Only recently opened, and billed as London’s first Alexandrian restaurant, Aladino’s W8 tenure is just the tip of the pyramid. Because this is the descendent of owner Aladin Bakarat’s beachfront restaurant of the same name in Egypt. And while the sand and the scale – Aladino’s Alexandria was a 500-cover powerhouse – might be missing from its London counterpart, the menu and hype both claim a thoroughly Egyptian influence.

Aubergine, okra and almonds all feature heavily, meaning my date’s half-smitten even before we order. Despite that it’s far from hardline traditional – the less common duck liver, pork belly and ravioli also crop up – and very little on the menu escapes without a twist of some kind.

With a slightly different menu my date and I wouldn’t have locked horns over the starters list – all of them sounding appealing, and most of them equally so – but there’s one clear frontrunner here. It’s the foie parfait, an ethical – unfattened – duck liver pâté, half of it Egyptian-spiced, half French.

And so begins a complex negotiation. In maneuvering worthy of Westminster, and eased quite a lot with the house red – a very heavy and pretty amazing Cotes-du-Rhone Vignobles Gonnet – we establish a running order which gives my date the foie parfait to start, with a substantial-sharing clause attached to that. In return I order the goats’ curd and beetroot ravioli to start, which would, to be fair, be my first choice from a lot of menus, and get first choice of the main courses. Baked okra, lamb and saffron rice. No contest.

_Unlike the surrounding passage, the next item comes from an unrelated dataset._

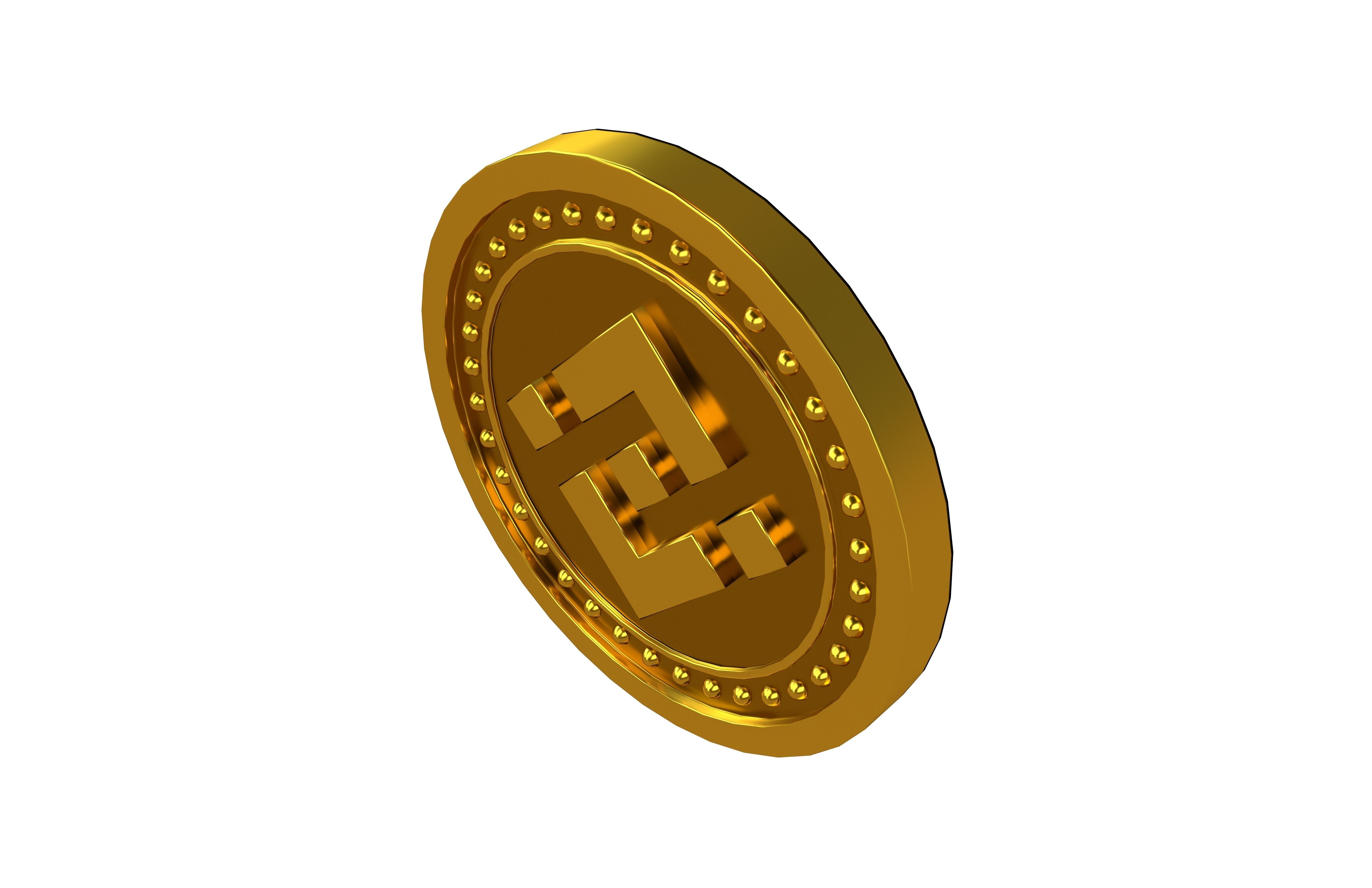 Binance Coin v3 001 Low-poly 3D model_1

Well, maybe a small contest, because I’m only human, and the combination of pork belly with pickled cucumber, pork crisp and za’atar almonds is hard to just dismiss. Fortunately – and this is where a year of, you know, romantic entanglement and learning each others’ desires and gazing into each others’ souls will really pay dividends – I’m 80% sure my date will order that for himself. And 20% sure I can persuade him to if I’m wrong, using my charm, wiles, or more likely a non-controlling interest in my side order of pickled aubergine and peppers salad.

This is how it plays out, exactly according to plan. And though readers will find this hard to believe, it almost feels like the prolonged negotiations and tactical thinking were a bit over the top.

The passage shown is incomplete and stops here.